### Supplied data

= Beginning of Section =

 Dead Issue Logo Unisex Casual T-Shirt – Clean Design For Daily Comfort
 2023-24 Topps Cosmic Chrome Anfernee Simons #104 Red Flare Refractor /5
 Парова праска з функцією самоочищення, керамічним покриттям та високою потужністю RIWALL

= End of Section =
= Beginning of Section =

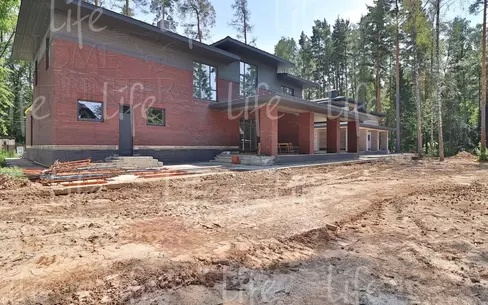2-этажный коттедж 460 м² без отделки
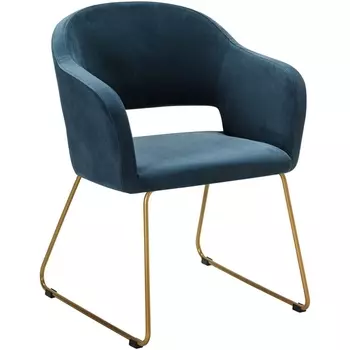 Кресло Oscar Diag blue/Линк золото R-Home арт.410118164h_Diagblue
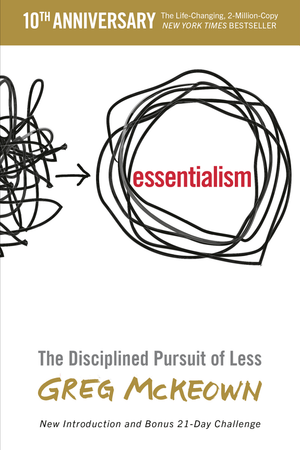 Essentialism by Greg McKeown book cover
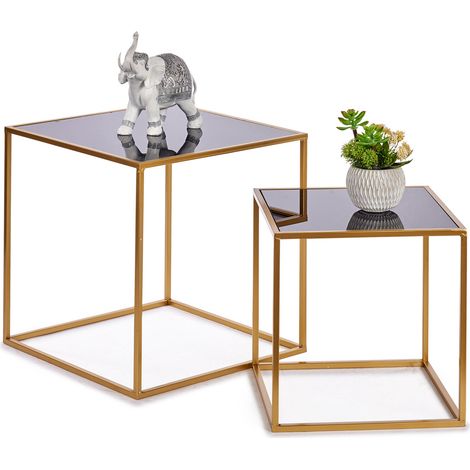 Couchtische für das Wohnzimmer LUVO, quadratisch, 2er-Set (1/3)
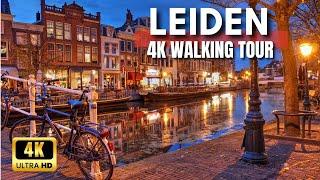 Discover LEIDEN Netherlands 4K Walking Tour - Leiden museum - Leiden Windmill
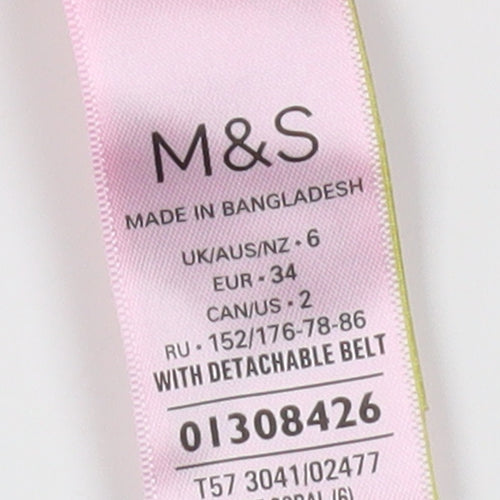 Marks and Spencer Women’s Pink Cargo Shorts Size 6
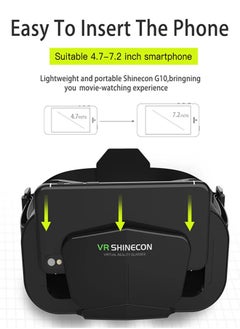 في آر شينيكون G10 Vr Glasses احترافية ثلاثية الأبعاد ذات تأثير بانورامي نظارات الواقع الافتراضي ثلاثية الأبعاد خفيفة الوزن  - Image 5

= End of Section =

### Exercise objective
Exact copy, pictures excluded: every line above from the one containing "Marks and Spencer" to the one containing "في آر شينيكون", inclusive, and nothing more.

### Solution to the exercise
 Marks and Spencer Women’s Pink Cargo Shorts Size 6
 في آر شينيكون G10 Vr Glasses احترافية ثلاثية الأبعاد ذات تأثير بانورامي نظارات الواقع الافتراضي ثلاثية الأبعاد خفيفة الوزن  - Image 5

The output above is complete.